### REQUIREMENT
Pictures in the records below must be left out. Return exactly the lines from the line with "featured image of 370 E 13 Mile Rd" to the line with "GUCCI AUTHENTIC ACE sneaker", both included.

### PROVIDED RECORDS
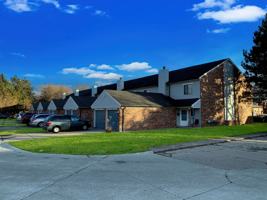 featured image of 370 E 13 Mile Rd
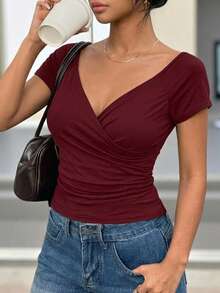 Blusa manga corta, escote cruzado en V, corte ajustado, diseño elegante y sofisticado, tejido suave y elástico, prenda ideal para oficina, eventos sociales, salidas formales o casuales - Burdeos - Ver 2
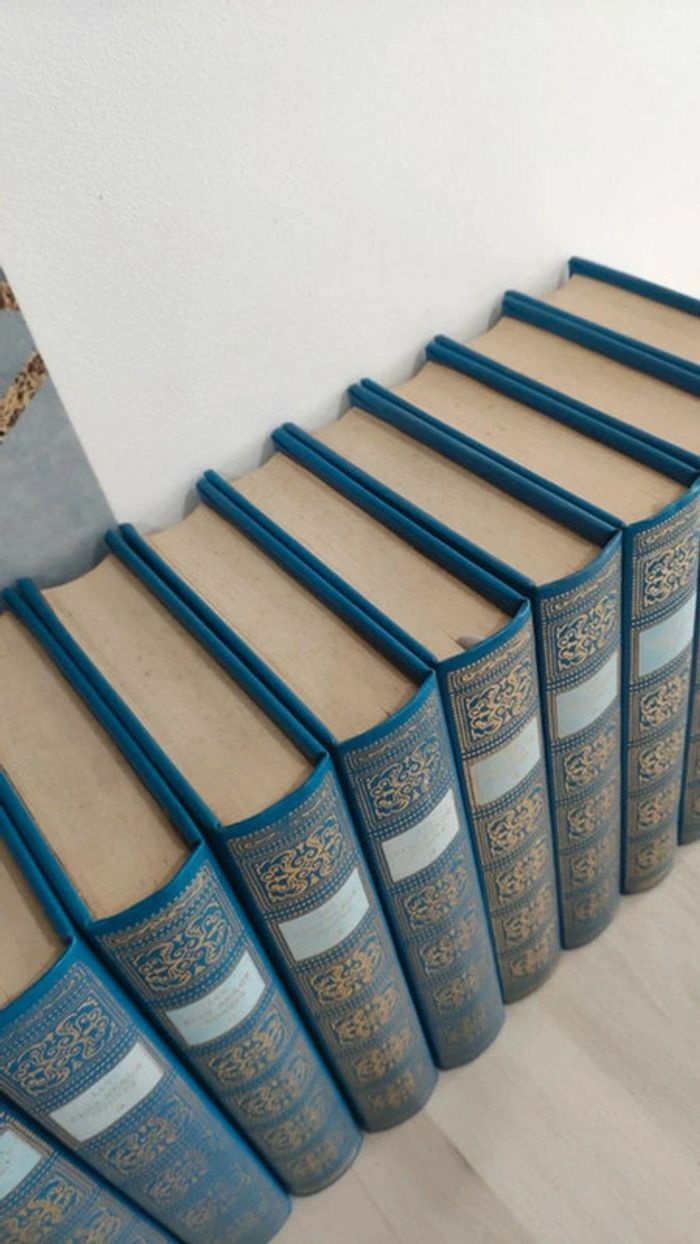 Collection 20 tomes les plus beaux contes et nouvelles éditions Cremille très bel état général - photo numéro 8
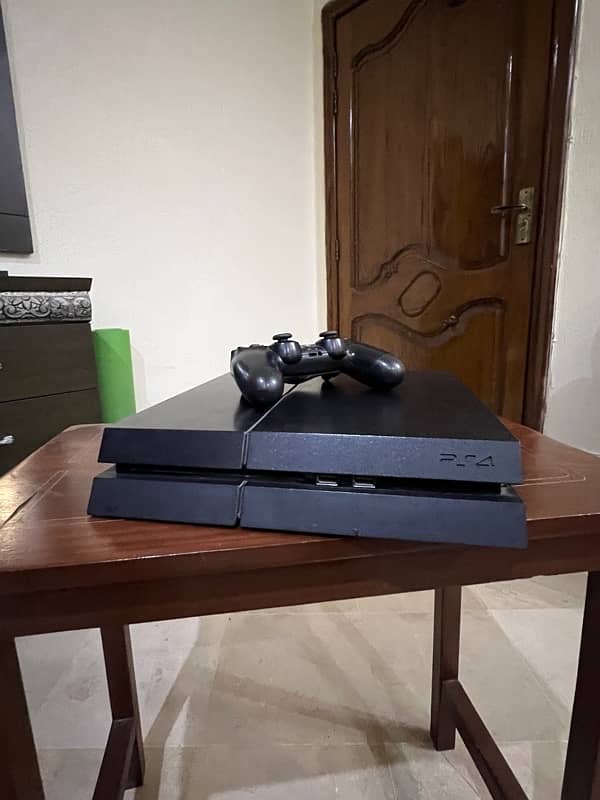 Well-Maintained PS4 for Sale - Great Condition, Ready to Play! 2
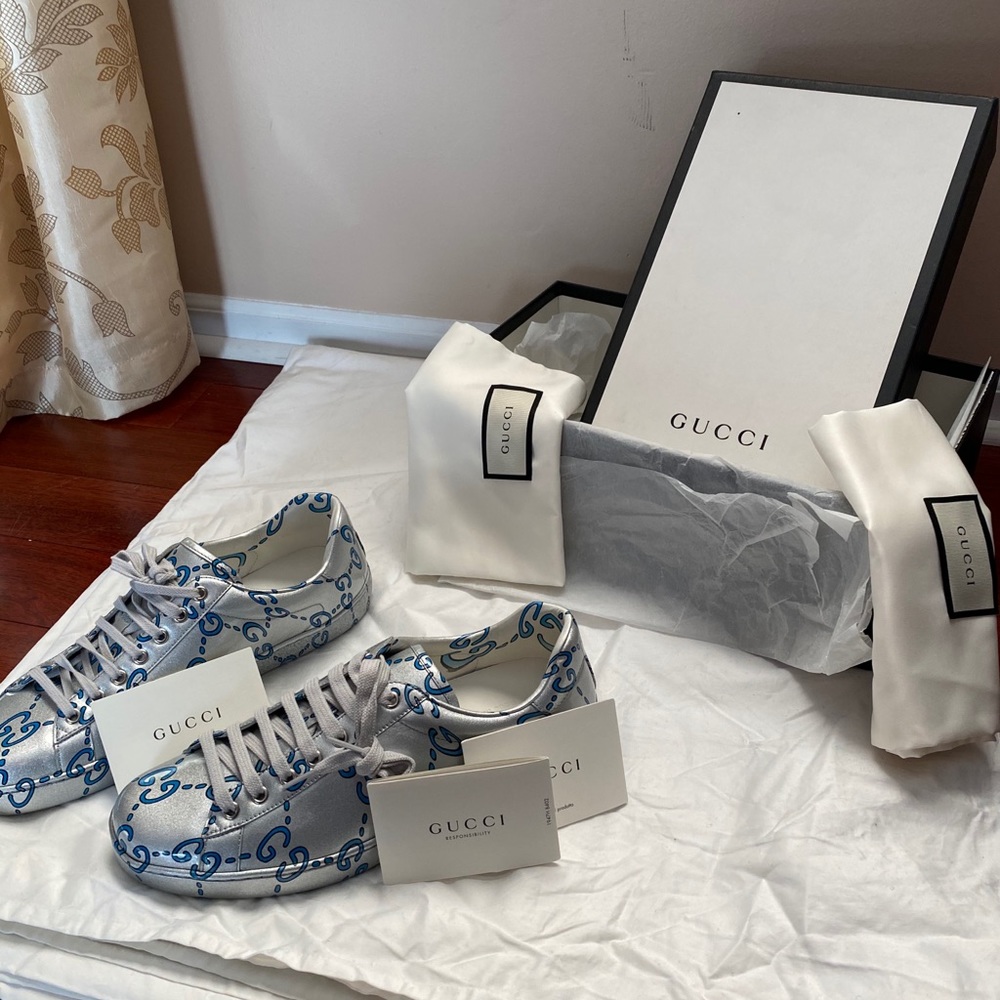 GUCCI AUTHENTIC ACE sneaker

* * *

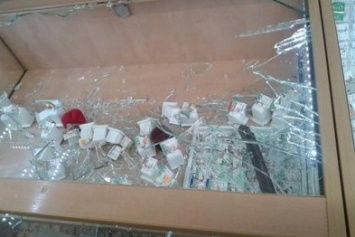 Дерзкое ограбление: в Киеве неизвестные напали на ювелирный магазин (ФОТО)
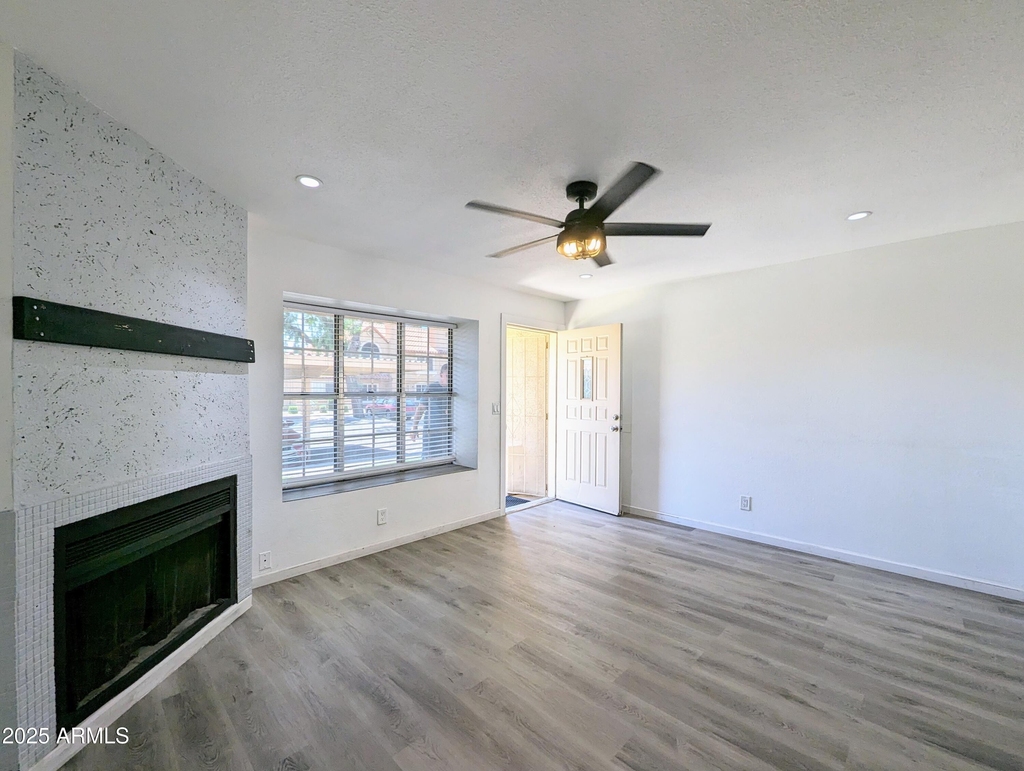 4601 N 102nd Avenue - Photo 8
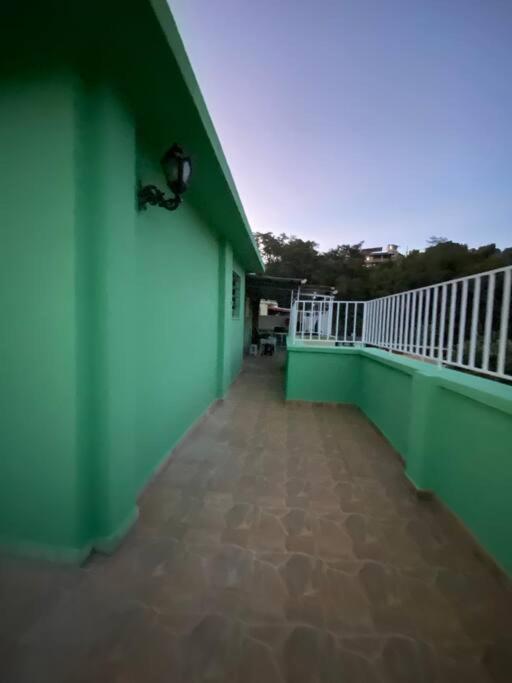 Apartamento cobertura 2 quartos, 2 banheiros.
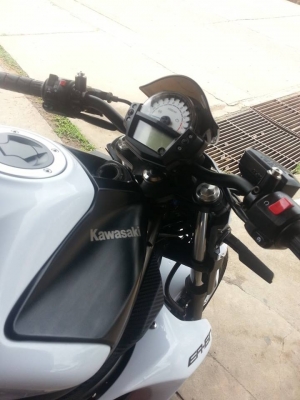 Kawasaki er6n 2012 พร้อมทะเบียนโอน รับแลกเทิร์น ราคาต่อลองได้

---

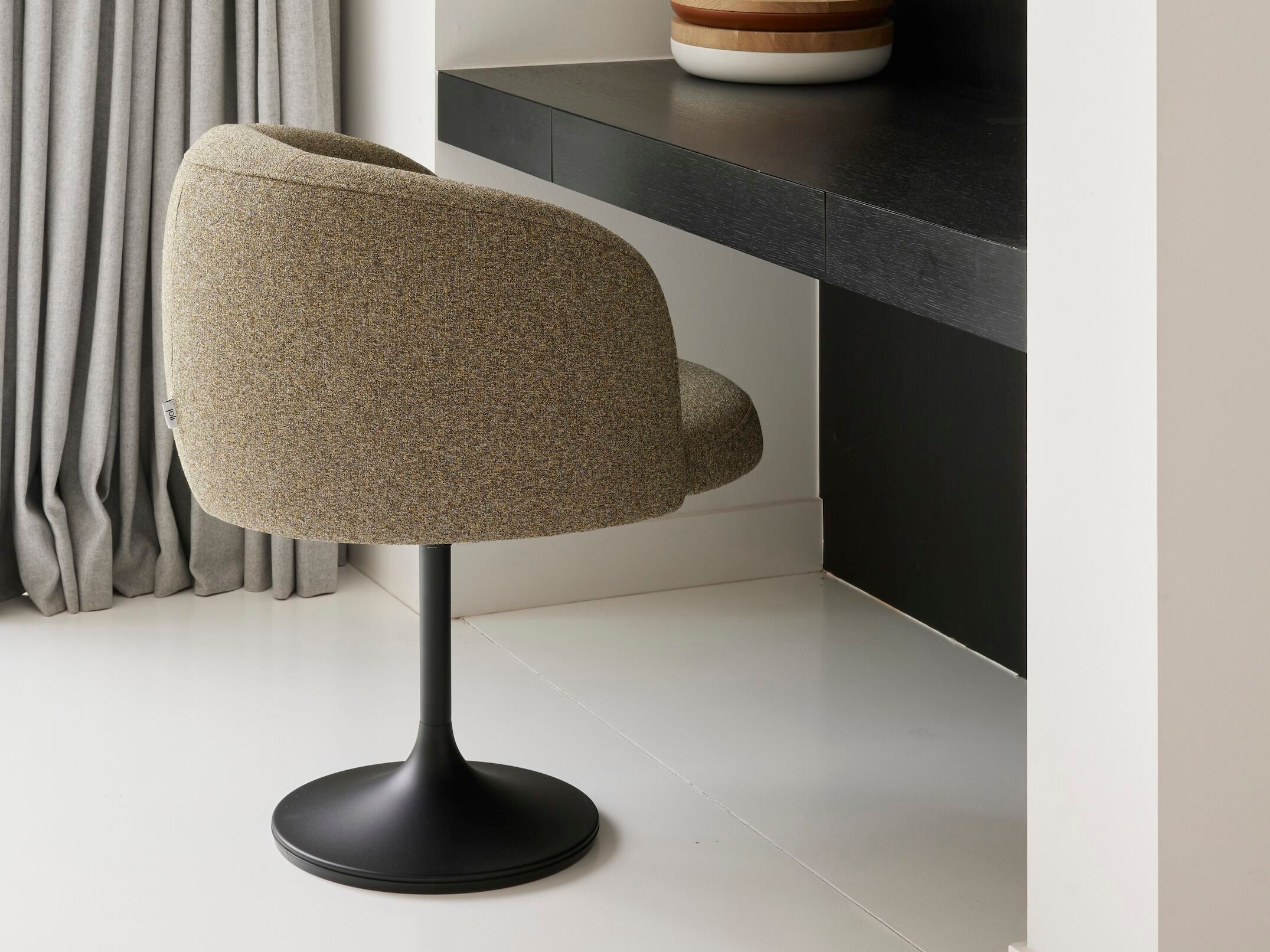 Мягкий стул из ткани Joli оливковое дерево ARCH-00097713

### TASK ANSWER
 featured image of 370 E 13 Mile Rd
 Blusa manga corta, escote cruzado en V, corte ajustado, diseño elegante y sofisticado, tejido suave y elástico, prenda ideal para oficina, eventos sociales, salidas formales o casuales - Burdeos - Ver 2
 Collection 20 tomes les plus beaux contes et nouvelles éditions Cremille très bel état général - photo numéro 8
 Well-Maintained PS4 for Sale - Great Condition, Ready to Play! 2
 GUCCI AUTHENTIC ACE sneaker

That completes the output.